Order your credit reports! Go to www.annualcreditreport.com or call 877-322-8228 to obtain your free credit reports. And it’s really free! You are entitled, by federal law, to obtain one free credit report from each Credit Reporting Agency every year. For best results, the ITRC recommends that you stagger your requests to one CRA every four months, through this free program.
Consider investing in a locked mailbox. If you already have a locked community mailbox, just remember, sturdier is better. Additionally, make it a habit to take out-going mail to the post office and stop using your “come steal me” red flag.

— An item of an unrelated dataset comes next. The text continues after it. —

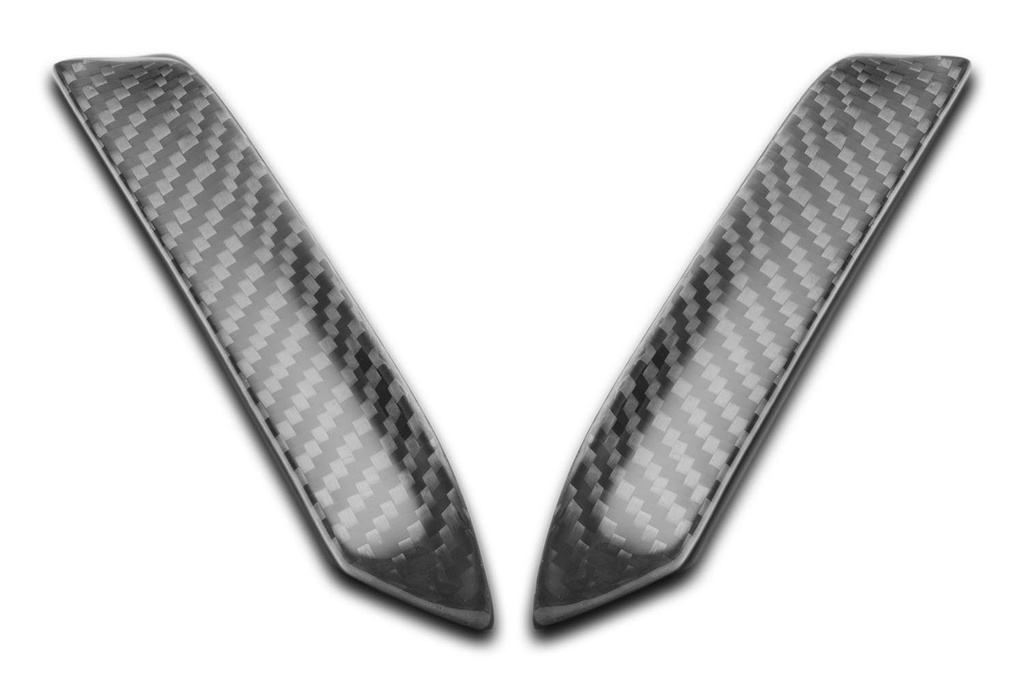 [A0421A] Carbon Anti-Buffeting Wind Deflectors - Toyota GR86 / Subaru BRZ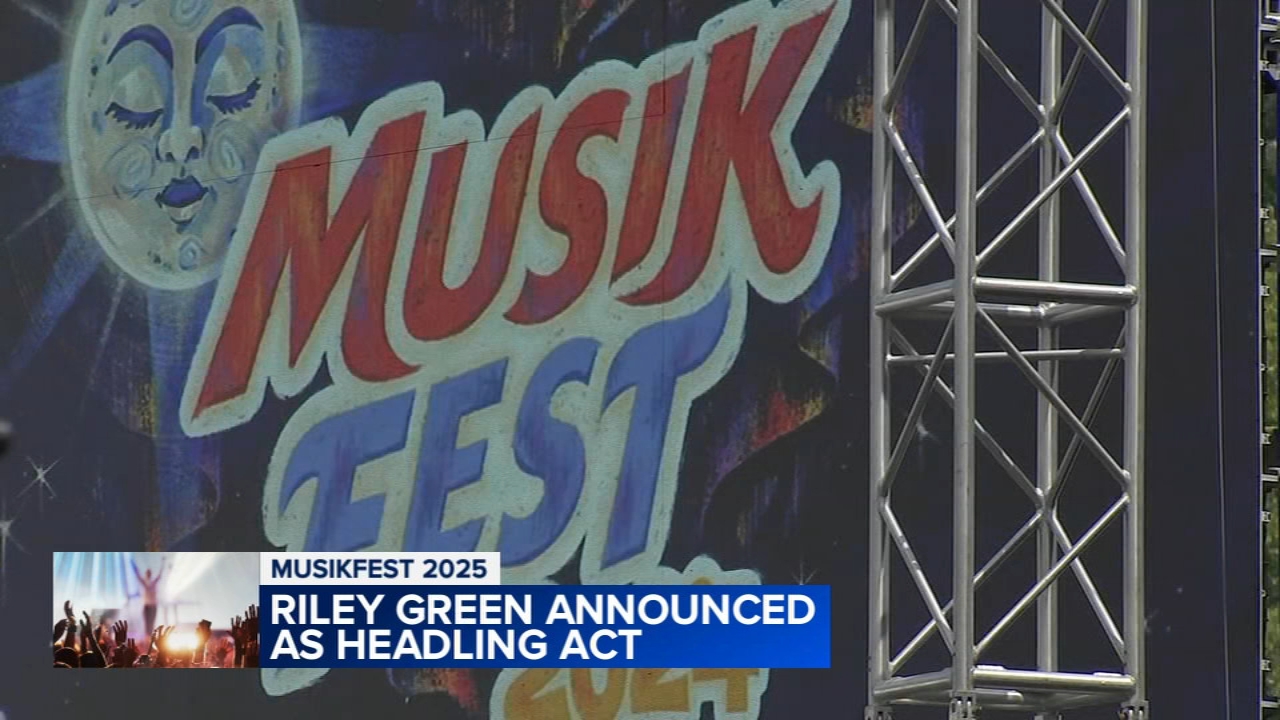 Riley Green announced as 1st headliner for Musikfest 2025 in Bethlehem, Pennsylvania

Take the time to place passwords on all your accounts and change the old ones. This includes bank accounts, investment accounts, money markets, credit cards, etc. Be creative and use something that is not easily guessed by someone who may know you. A good verbal password is NOT the last four digits of your SSN, your mother’s maiden name, your pet’s name or kid’s birthdays. A random word, not associated with you or your life, is highly recommended.
Limit the amount of personal information you share online. If you don’t want it publicized – don’t put it online! For online accounts, use strong passwords and change them regularly. (A strong password should be more than 8 characters in length, and contain both capital letters and at least one numeric or other non alphabetical character. Use of non-dictionary words is also advised.) Do not access accounts on shared or public computers (library, internet cafes, work, etc). For more information on safe social networking, see ITRC Fact Sheet 138 – and Social Networking and Identity Theft.
Be a savvy online shopper! Check out the merchant and make sure they are legit. Protect your information online by using a secure payment agent – a security product which allows a consumer to control the use of their personal identifying information whether shopping, paying bills online, or registering at websites. Consider using credit cards instead of debit cards when making purchases. In addition, install security and malware software to protect your computer and update it frequently.
Monitor any and all account statements carefully. Don’t wait three months to balance your check book or open your mail! React quickly if you notice any discrepancies.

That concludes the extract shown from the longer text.